Sprache wurde erfunden, damit sich Menschen besser verständigen können. Es ist auf Dauer nämlich mühsam, komplexe Inhalte wie „Ich hab die Spur eines dicken Mammuts gefunden, wenn wir uns alle zusammentun und eine Mammutfalle bauen, dann hat der Stamm bis ins Jahr 2024 genug zu essen“ oder „Der Klimawandel ist eine ungute Sache, wir sollten uns eine Strategie überlegen, unsere -Emissionen zu reduzieren, sonst können wir uns den Skiurlaub nämlich pinseln“ durch Gesten, Tänze  oder Zeichnungen an der Höhlenwand auszudrücken.

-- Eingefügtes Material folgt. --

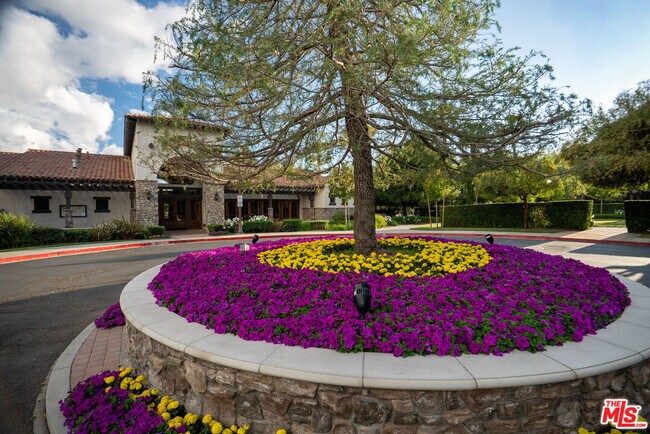 Building Photo - 24130 Tango Dr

Aber damit beginnen die Schwierigkeiten schon. Sprache kann man nämlich auch dazu verwenden, etwas anderes auszudrücken, als man sagt. Beispiel: Der bei uns beliebte Dialog „Und?“ – „Eh.“ – Ah, eh!“ – „Söba?“ – Eh a eh.“ – „Ah eh a eh.“ Das heißt auf den ersten Blick: Wie geht es dir? – Danke gut. – Erfreulich, das zu hören! – Und wie geht es dir? – Danke, auch gut. – Auch mich erfreut es, dies zu vernehmen!

Es kann aber auch etwas ganz anderes ausdrücken. Nämlich: Es ist mir völlig wurscht, wie es dir geht, aber ich frage höflichkeitshalber. – Mir geht es beschissen, aber das geht dich nichts an. Ich hoffe, dir geht es auch beschissen. – Schön, dass es uns beiden beschissen geht.

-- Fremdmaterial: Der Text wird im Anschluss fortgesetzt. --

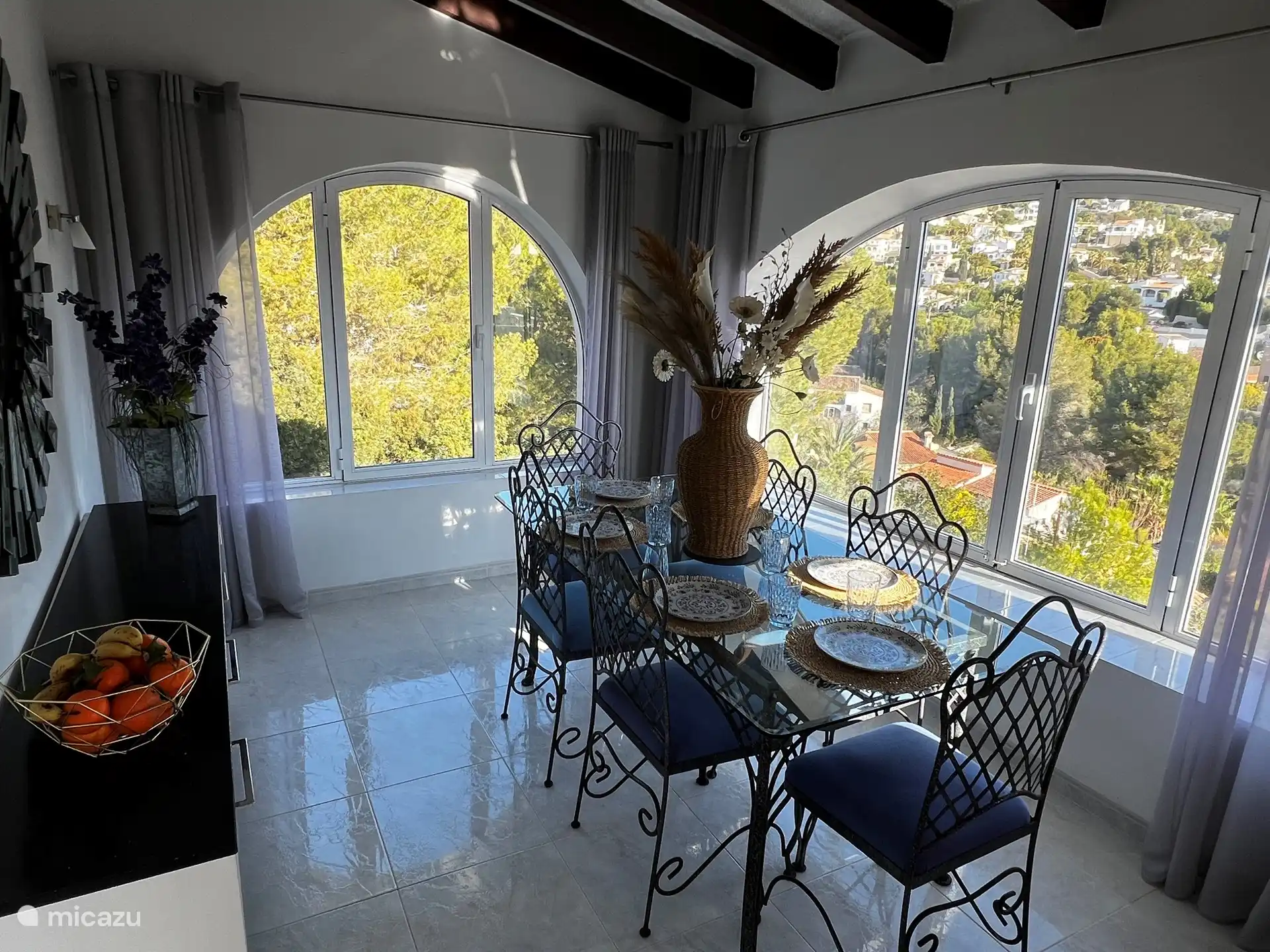 Esszimmer Ebene 1 mit Blick auf das Tal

In Österreich kommen auch noch besondere sprachliche Figuren hinzu, wie die Litotes und die doppelte Verneinung. „Des is ka Schiache ned“ heißt nicht, dass sie hässlich ist, es heißt auch nicht, dass sie halt nicht hässlich ist, sondern: Sie ist sehr attraktiv.

Derzeit passiert etwas besonders Merkwürdiges: Sprache dient nicht mehr zur Verständigung, sondern zum Nachweis einer sich selbst attestierten moralischen Überlegenheit im Sinne der politischen Korrektheit – oder als Ausweis von besonderes kühler Lässigkeit durch Ignorieren des als korrekt Vorgeschriebenen.

Die Vermutung sei gewagt: Wir würden es heute nicht mehr schaffen, gemeinsam ein Mammut zu erlegen.